AI models can now be customized with far less data and computing power

Engineers at the University of California San Diego have created a new method to make large language models (LLMs)—such as the ones that power chatbots and protein sequencing tools—learn new tasks using significantly less data and computing power.

LLMs are made up of billions of parameters that determine how they process information. Traditional fine-tuning methods adjust all of these parameters, which can be costly and prone to overfitting—when a model memorizes patterns instead of truly understanding them, causing it to perform poorly on new examples.

The new method developed by UC San Diego engineers takes a smarter approach. Instead of retraining an entire model from scratch, it updates only the parts that matter most.

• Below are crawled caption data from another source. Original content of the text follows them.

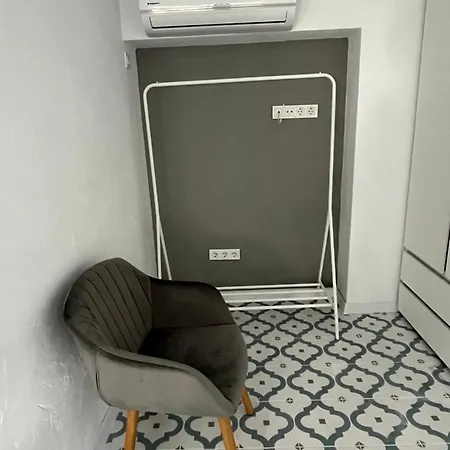 суперцентър чисто нов Apartamento Carevo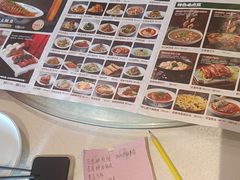 -李记搅团•非遗陕菜(三桥店)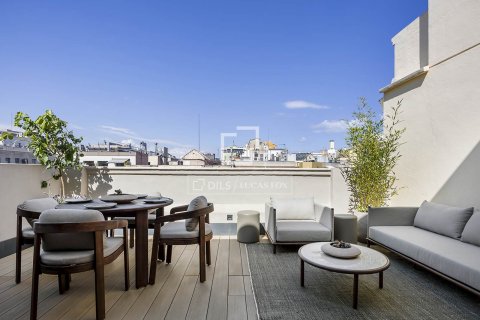 2 bedrooms penthouse for sale in Barcelona, Catalonia, Spain № 4414 - photo 30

As a result, the new method cuts costs and is more flexible and better at generalizing what it learns compared to existing fine-tuning methods.

The researchers showed that their method can fine-tune protein language models—which are used to study and predict the properties of proteins—even when very little training data are available. For example, in predicting whether certain peptides can cross the blood-brain barrier, the new method achieved higher accuracy than conventional methods while using 326 times fewer parameters. In predicting protein thermostability, it matched the performance of full fine-tuning while using 408 times fewer parameters.

“With our method, even small labs and startups without huge budgets, supercomputer-level resources or large datasets can adapt large AI models for their own needs,” said Pengtao Xie, a professor in the Department of Electrical and Computer Engineering at the UC San Diego Jacobs School of Engineering. “This work represents a step toward democratizing AI.”

The new method for fine-tuning and adapting LLMs is published in Transactions on Machine Learning Research.